[Task material]

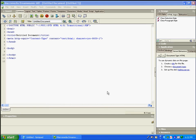Welcome to my first tutorial on HTML. In this tutorial I'm going to show you how to save your file in Dreamweaver and Notepad as an HTML file, and also explain what the HTML skeleton is all about.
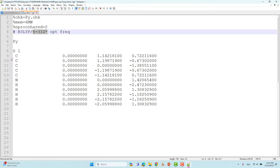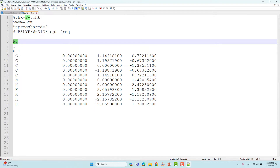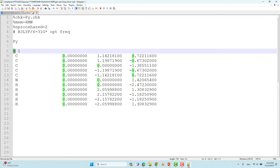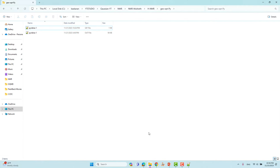The basis set is 6-31G* for all light atoms. If you are using a transition metal you have to use a different basis set — you can watch my earlier video where I explained that. Then you have to put the optimization and frequency keywords. After that give the name of the system, the charge, the spin multiplicity, and the Cartesian coordinates of the molecule.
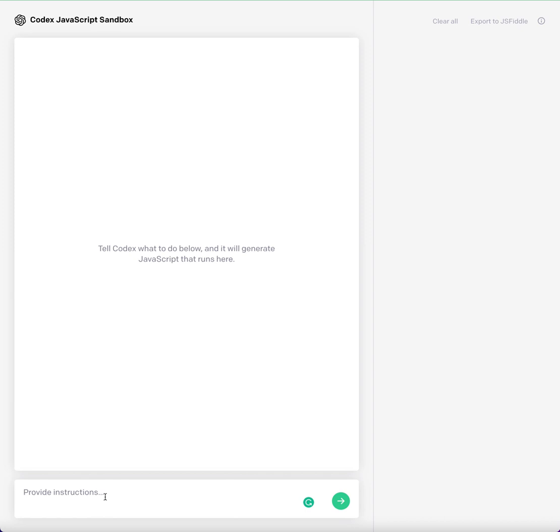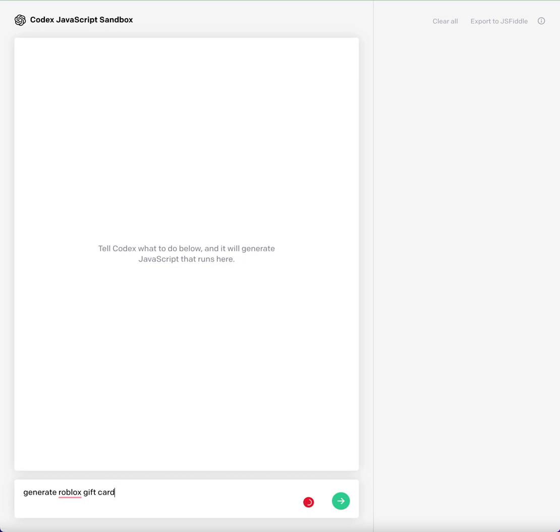When I type in some random things in OpenAI Codex - so I just started this, I got this yesterday. I'm gonna type in something. My first idea is to generate Roblox gift card codes. Imagine this actually works.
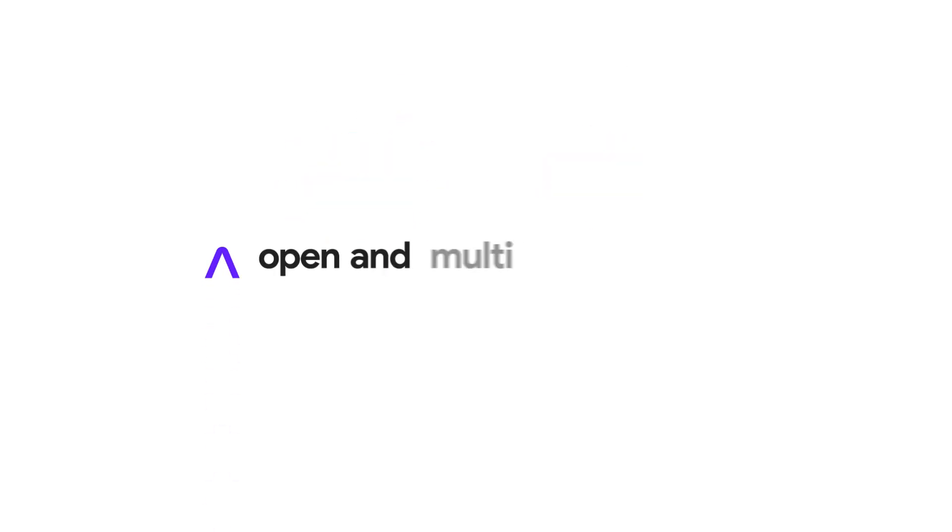Run highly efficient open source models with inference at unparalleled speed with Fireworks AI and Google Cloud.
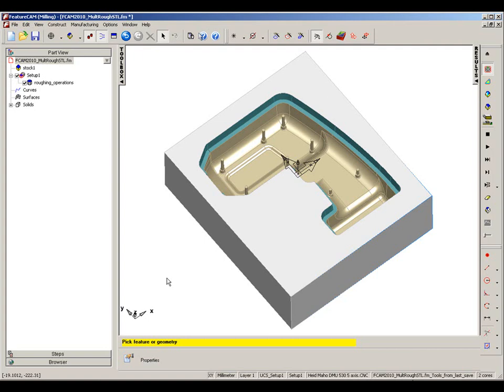STL files can now be used in FeatureCAM to represent the stock state for rest machining processes. In this example, the part is initially machined and then sent off to be hardened. Rest machining is then required to machine the remaining material around the upstands of the model.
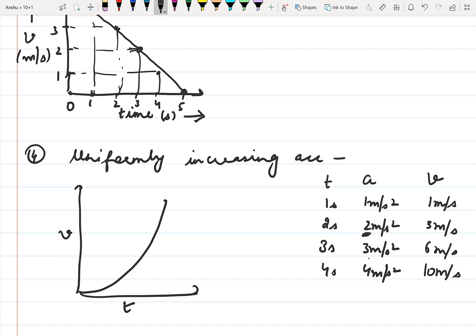Similarly, you should try it for uniformly decreasing acceleration. So these were the various speed-time graphs for the various cases. Thank you.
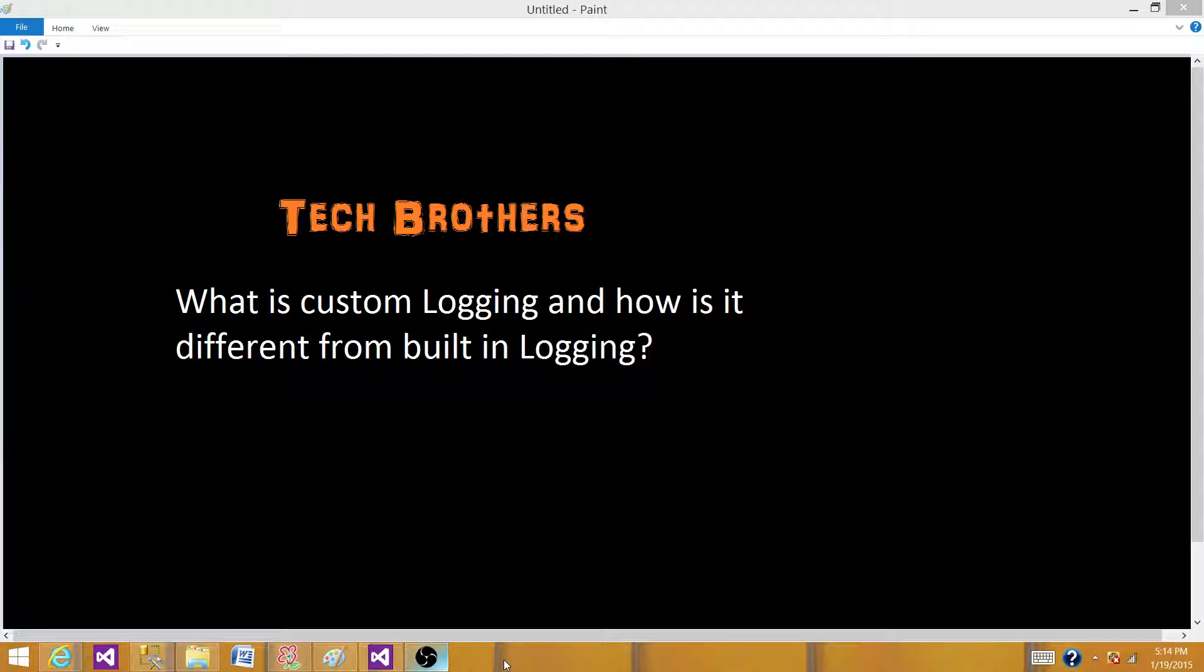Welcome to Tech Brothers with Amir. Today we are going to answer this question: What is custom logging and how it is different from built-in logging in a SSIS package?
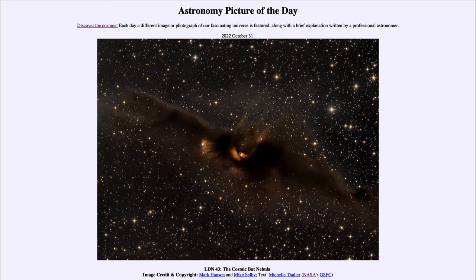Greetings and welcome to the introduction to astronomy. One of the things that I like to do in each of my introductory astronomy classes is to begin the class with the astronomy picture of the day from the NASA website, that is apod.nasa.gov/apod.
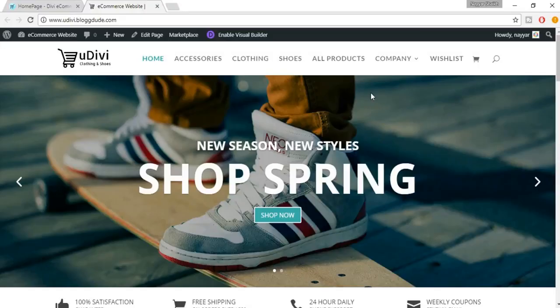Welcome back guys. In this lecture we'll see something about SEO, which is search engine optimization — basically to improve your ranking on search engines like Google or Bing, and so on. So let's get started.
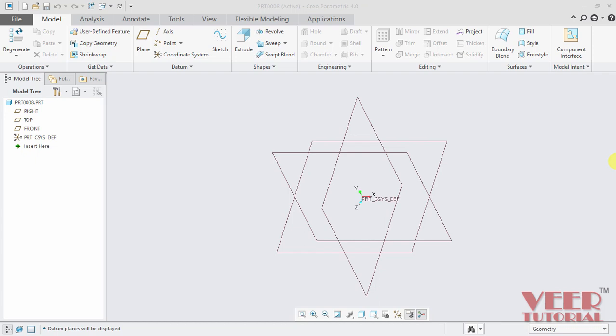Hello friends, in this video we will continue the 3D modeling and we will know about the next command in 3D modeling that is revolve feature.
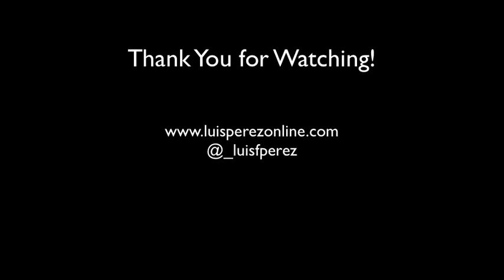Thank you so much for watching and please subscribe to get more videos like this one on my YouTube channel. And also make sure to check out my website at LuisPerezOnline.com and follow me on Twitter at underscore LuisFPerez.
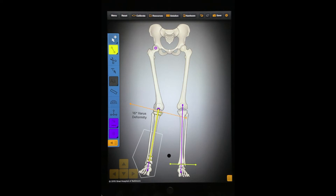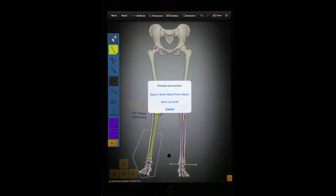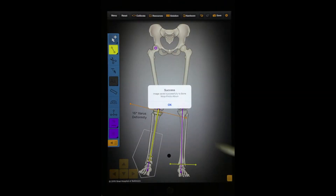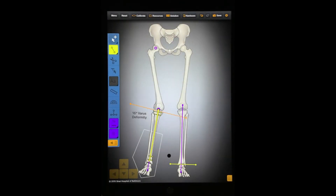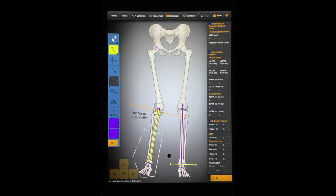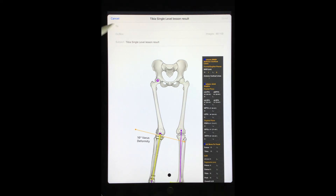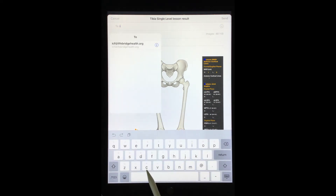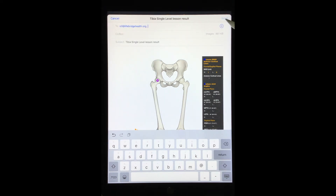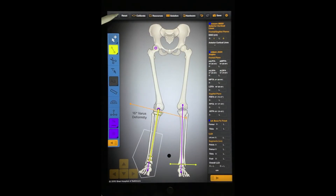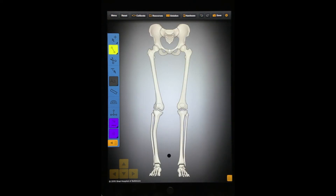Let's look at the Save tool. Press this button to save your case by emailing it or by saving it as a JPEG in the Bone Ninja photo album. When you press the Send via email option, your email program will launch and the image will be included as an attachment along with any annotations made in the standard measurements grid. Press the Reset button to clear all your work — arrows, cutouts, angles — and return to the clean, original X-ray.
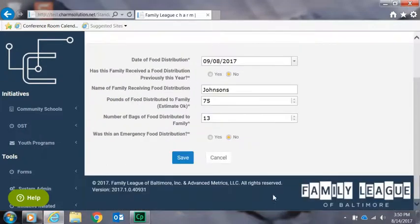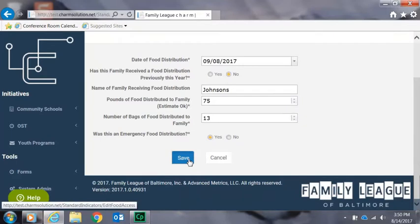Finally you'll select whether this was an emergency food distribution or not, and then you'll click save to update your entry.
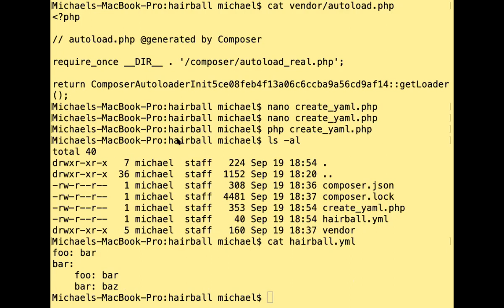Short version: we used Composer to get the dependency — that was the first big step. The second big step is utilizing that dependency: understanding that we need the autoloader to provide a directory lookup for all our dependencies. There are other commonly used commands I'm not covering tonight.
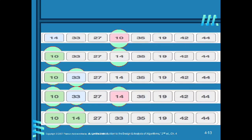Now we consider only the remaining elements. We remove 10, so from 8 elements we now consider 7 elements. In the 7 elements, 33 is the leftmost element. The smallest element remaining is 14. So 14 is the minimum element, and we swap 33 and 14.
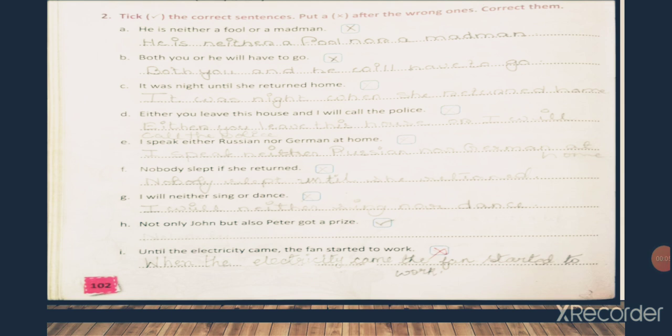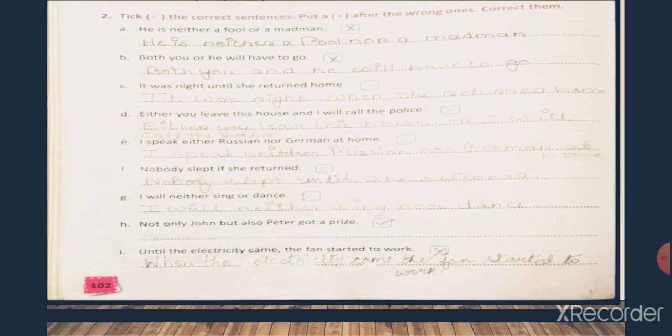Let's begin with exercise number two. Let's practice. We will be on page 102. For number two, we have to put a tick mark for the correct sentences and a cross mark for the sentences which are incorrect. And we have to rewrite them by correcting the mistakes. Let's get started with number A.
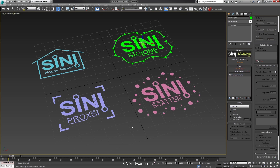Thanks for watching. Keep checking back with us. This is Cy from Cyanide Software — you can check out our website and see a little more about our products. Check out the individual videos on each one of our items as well. Thanks a lot.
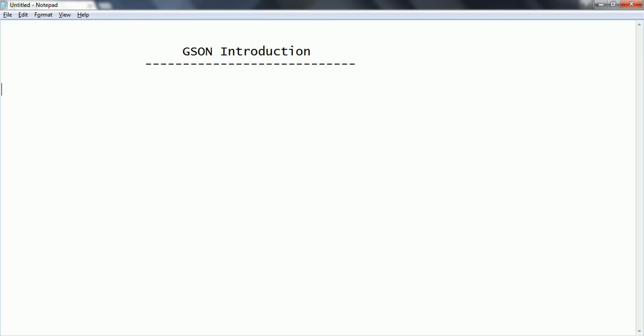And initially GSON was created by Google who was actually using this GSON for their internal purpose like for searching, the Google search, and for a couple of Ajax calls they were trying to use in their client APIs. So for that purpose they introduced GSON.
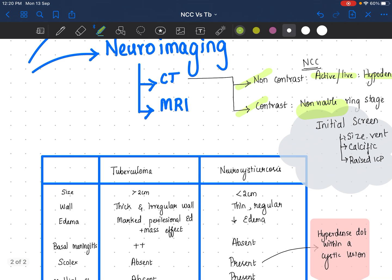CT is good as an initial screen because you want to know, one, whether it is viable or non-viable. Two, you want to know about the size of the ventricles and whether there are currently features of raised ICP, which you will have to control by your neuroprotective measures.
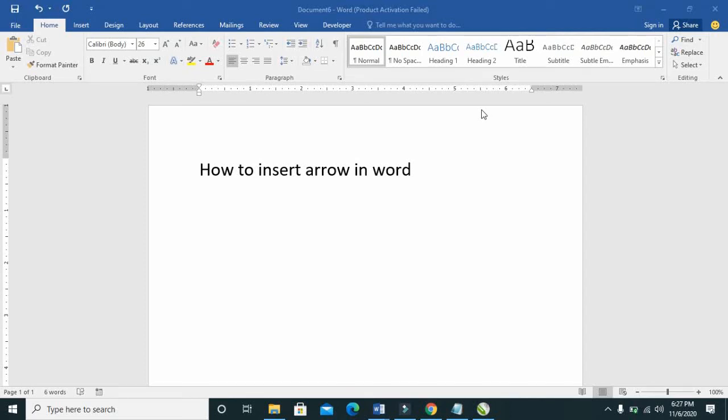Good day everyone, welcome to Wibertech YouTube channel. In this video today, I will show you how to insert arrows in your Microsoft Word document. Before we go into that, if you are new to this channel, please subscribe to us right now for more updates.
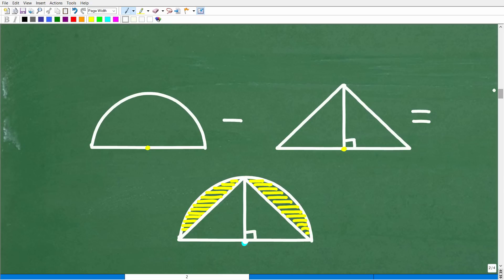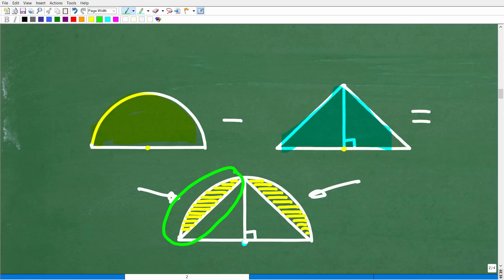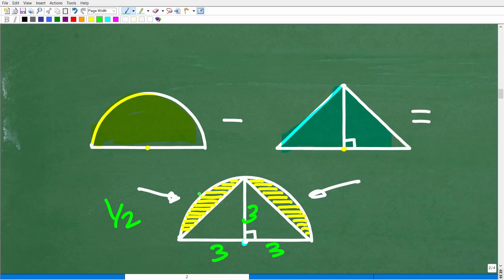Here is the full strategy: calculate the area of the semicircle by first calculating the full circle area and dividing by two. Then calculate the area of the triangle. Subtracting the triangle's area from the semicircle's area gives us these two highlighted regions. Because all three sides measure 3, these two regions are equal in area. So we just take one half of that combined area to get the final answer.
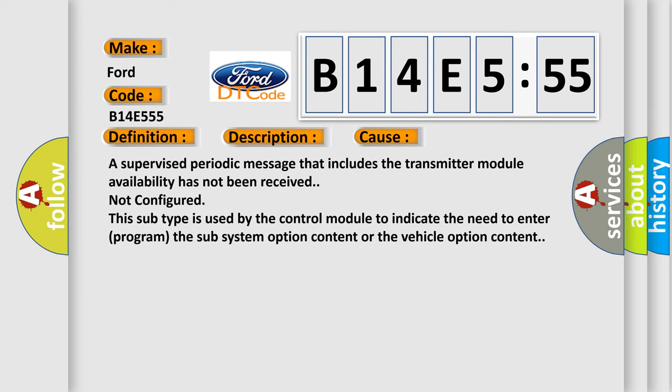This diagnostic error occurs most often in these cases: A supervised periodic message that includes the transmitter module availability has not been received. Not configured. This subtype is used by the control module to indicate the need to enter program the subsystem option content or the vehicle option content.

[/Task material]

● **What to work on**
Repeat every line above precisely; pictures do not belong in the copy.

● **Final answer**
Welcome to my first tutorial on HTML. In this tutorial I'm going to show you how to save your file in Dreamweaver and Notepad as an HTML file, and also explain what the HTML skeleton is all about.
The basis set is 6-31G* for all light atoms. If you are using a transition metal you have to use a different basis set — you can watch my earlier video where I explained that. Then you have to put the optimization and frequency keywords. After that give the name of the system, the charge, the spin multiplicity, and the Cartesian coordinates of the molecule.
When I type in some random things in OpenAI Codex - so I just started this, I got this yesterday. I'm gonna type in something. My first idea is to generate Roblox gift card codes. Imagine this actually works.
Run highly efficient open source models with inference at unparalleled speed with Fireworks AI and Google Cloud.
STL files can now be used in FeatureCAM to represent the stock state for rest machining processes. In this example, the part is initially machined and then sent off to be hardened. Rest machining is then required to machine the remaining material around the upstands of the model.
Similarly, you should try it for uniformly decreasing acceleration. So these were the various speed-time graphs for the various cases. Thank you.
Welcome to Tech Brothers with Amir. Today we are going to answer this question: What is custom logging and how it is different from built-in logging in a SSIS package?
Greetings and welcome to the introduction to astronomy. One of the things that I like to do in each of my introductory astronomy classes is to begin the class with the astronomy picture of the day from the NASA website, that is apod.nasa.gov/apod.
Welcome back guys. In this lecture we'll see something about SEO, which is search engine optimization — basically to improve your ranking on search engines like Google or Bing, and so on. So let's get started.
Hello friends, in this video we will continue the 3D modeling and we will know about the next command in 3D modeling that is revolve feature.
Thank you so much for watching and please subscribe to get more videos like this one on my YouTube channel. And also make sure to check out my website at LuisPerezOnline.com and follow me on Twitter at underscore LuisFPerez.
Let's look at the Save tool. Press this button to save your case by emailing it or by saving it as a JPEG in the Bone Ninja photo album. When you press the Send via email option, your email program will launch and the image will be included as an attachment along with any annotations made in the standard measurements grid. Press the Reset button to clear all your work — arrows, cutouts, angles — and return to the clean, original X-ray.
Finally you'll select whether this was an emergency food distribution or not, and then you'll click save to update your entry.
Short version: we used Composer to get the dependency — that was the first big step. The second big step is utilizing that dependency: understanding that we need the autoloader to provide a directory lookup for all our dependencies. There are other commonly used commands I'm not covering tonight.
Now we consider only the remaining elements. We remove 10, so from 8 elements we now consider 7 elements. In the 7 elements, 33 is the leftmost element. The smallest element remaining is 14. So 14 is the minimum element, and we swap 33 and 14.
Let's begin with exercise number two. Let's practice. We will be on page 102. For number two, we have to put a tick mark for the correct sentences and a cross mark for the sentences which are incorrect. And we have to rewrite them by correcting the mistakes. Let's get started with number A.
Thanks for watching. Keep checking back with us. This is Cy from Cyanide Software — you can check out our website and see a little more about our products. Check out the individual videos on each one of our items as well. Thanks a lot.
And initially GSON was created by Google who was actually using this GSON for their internal purpose like for searching, the Google search, and for a couple of Ajax calls they were trying to use in their client APIs. So for that purpose they introduced GSON.
CT is good as an initial screen because you want to know, one, whether it is viable or non-viable. Two, you want to know about the size of the ventricles and whether there are currently features of raised ICP, which you will have to control by your neuroprotective measures.
Good day everyone, welcome to Wibertech YouTube channel. In this video today, I will show you how to insert arrows in your Microsoft Word document. Before we go into that, if you are new to this channel, please subscribe to us right now for more updates.
Here is the full strategy: calculate the area of the semicircle by first calculating the full circle area and dividing by two. Then calculate the area of the triangle. Subtracting the triangle's area from the semicircle's area gives us these two highlighted regions. Because all three sides measure 3, these two regions are equal in area. So we just take one half of that combined area to get the final answer.
This diagnostic error occurs most often in these cases: A supervised periodic message that includes the transmitter module availability has not been received. Not configured. This subtype is used by the control module to indicate the need to enter program the subsystem option content or the vehicle option content.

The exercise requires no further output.